The fractionator 36 may also serve as a source of the aromatic oil to be included in the feedstock to reactor vessel 13. Thus, an aromatic heavy gas oil fraction 37 is removed from fractionator 36 and is feed into the inlet line 12 to the bottom of reactor 13. This heavy gas oil stream preferably boils above 400° C. A light oil stream 38 is also withdrawn from the top of fractionator 36 and forms part of the light oil product 21 of the invention.
Certain preferred embodiments of this invention are illustrates by the following non-limiting Examples.
Tests were carried out on a hydrocracker pilot plant of the type shown in FIG. 1 using as feedstock Cold Lake Vacuum Bottoms (CLVB), with 5.6% sulphur, 75% wt of 524° C. material and 5° API. First the CLVB was tested in a once-through mode, and a model developed for this operation and a range of conditions. Next, the pilot plant was operated with pitch recycle, and it was found that the rate constant for the recycled material was:
K=0.953-0.0083 (524° C.+ Conversion)
where conversion is in weight percent. Thus the rate constant for fresh feed would be K=0.953, and for pitch product from an 80% of 524° C. conversion operation it would be K=0.953-0.0083 (80)=0.289. This is a significant drop in reactivity for the following typical pilot plant conditions:
Temperature 447° C. Feed 80% fresh/20% recycle
Pressure 13.8 MPa Recycle cut point 480° C.
Gas Rate 28 L/min Fresh feed LHSV 0.48
Gas Purity 85% H2 Additive*' 1.2% on total feed
Reactor 2.54 cm ID by 222 cm high
*The additive used was ferrous sulfate having particle sizes less than 45 μm as described in U.S. Pat. No. 4,963,247, incorporated herein by reference.
This showed that recycled pitch was less reactive than fresh feed, and that its reactivity was dependent on the conversion (reaction severity) to which it was subjected. This data discouraged recycle of pitch for conversion reasons, and seemed to show that there was a portion of the feed which was inherently not convertible, or convertible only with difficulty.
These tests did, however, show that recycled iron sulphide additive retained its activity, which is a strong incentive for recycle of pitch (recycle reduced fresh additive requirement by as much as 40% in the study).
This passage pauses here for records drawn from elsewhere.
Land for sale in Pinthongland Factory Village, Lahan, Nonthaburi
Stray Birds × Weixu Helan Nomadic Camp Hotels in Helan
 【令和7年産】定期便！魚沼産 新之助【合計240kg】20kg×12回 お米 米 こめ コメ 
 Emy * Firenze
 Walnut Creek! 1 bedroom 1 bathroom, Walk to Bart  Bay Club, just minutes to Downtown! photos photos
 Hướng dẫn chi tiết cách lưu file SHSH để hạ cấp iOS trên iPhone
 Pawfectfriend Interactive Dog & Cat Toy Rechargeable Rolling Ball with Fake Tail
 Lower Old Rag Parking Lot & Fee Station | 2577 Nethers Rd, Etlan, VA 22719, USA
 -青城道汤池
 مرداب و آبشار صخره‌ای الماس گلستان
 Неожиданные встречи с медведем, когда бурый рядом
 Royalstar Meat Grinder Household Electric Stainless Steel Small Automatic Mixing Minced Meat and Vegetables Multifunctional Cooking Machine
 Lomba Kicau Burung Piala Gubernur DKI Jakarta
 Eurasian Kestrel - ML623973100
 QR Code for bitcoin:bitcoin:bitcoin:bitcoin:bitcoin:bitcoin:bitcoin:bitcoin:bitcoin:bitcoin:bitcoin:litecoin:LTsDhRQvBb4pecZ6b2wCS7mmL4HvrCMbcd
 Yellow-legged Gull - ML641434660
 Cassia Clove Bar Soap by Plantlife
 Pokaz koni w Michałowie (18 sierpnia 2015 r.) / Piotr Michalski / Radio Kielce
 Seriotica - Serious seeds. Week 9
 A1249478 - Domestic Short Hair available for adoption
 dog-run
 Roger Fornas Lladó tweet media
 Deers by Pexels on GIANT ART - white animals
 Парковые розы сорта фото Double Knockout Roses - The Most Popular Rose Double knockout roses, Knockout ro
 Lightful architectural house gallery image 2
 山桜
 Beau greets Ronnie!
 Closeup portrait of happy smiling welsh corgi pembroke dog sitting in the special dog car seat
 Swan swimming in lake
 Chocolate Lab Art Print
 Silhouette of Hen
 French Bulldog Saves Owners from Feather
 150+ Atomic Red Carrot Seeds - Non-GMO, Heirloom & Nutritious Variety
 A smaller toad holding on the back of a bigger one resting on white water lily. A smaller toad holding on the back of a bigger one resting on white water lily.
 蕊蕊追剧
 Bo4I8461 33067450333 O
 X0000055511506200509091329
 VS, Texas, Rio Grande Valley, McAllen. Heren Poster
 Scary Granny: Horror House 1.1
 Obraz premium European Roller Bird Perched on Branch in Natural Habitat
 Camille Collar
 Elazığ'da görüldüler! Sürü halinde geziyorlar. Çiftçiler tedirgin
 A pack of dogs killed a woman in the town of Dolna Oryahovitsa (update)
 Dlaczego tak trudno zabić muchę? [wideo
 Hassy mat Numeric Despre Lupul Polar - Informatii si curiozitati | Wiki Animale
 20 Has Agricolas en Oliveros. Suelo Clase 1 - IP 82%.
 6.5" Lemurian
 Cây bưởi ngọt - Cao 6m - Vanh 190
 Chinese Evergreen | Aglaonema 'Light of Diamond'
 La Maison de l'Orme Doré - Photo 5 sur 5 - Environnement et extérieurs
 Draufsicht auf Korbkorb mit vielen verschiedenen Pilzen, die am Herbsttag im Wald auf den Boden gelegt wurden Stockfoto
Visbroken vacuum residue from a commercial visbreaker in the Montreal refinery of Petro-Canada (a Shell soaker type) was tested in the same pilot plant as in Example 1. Conditions for a sample test were as follows:
Temperature 449° C.
Pressure 13.8 Mpa
Gas Rate 28 L/min
Gas Purity 85% H2
Fresh Feed LHSV 0.5, feed origin--Venezuelan Blend 24
Additive* 3% on total feed
*The additive used was ferrous sulfate having particle sizes less than 45 μm as described in U.S. Pat. No. 4,963,247, incorporated herein by reference.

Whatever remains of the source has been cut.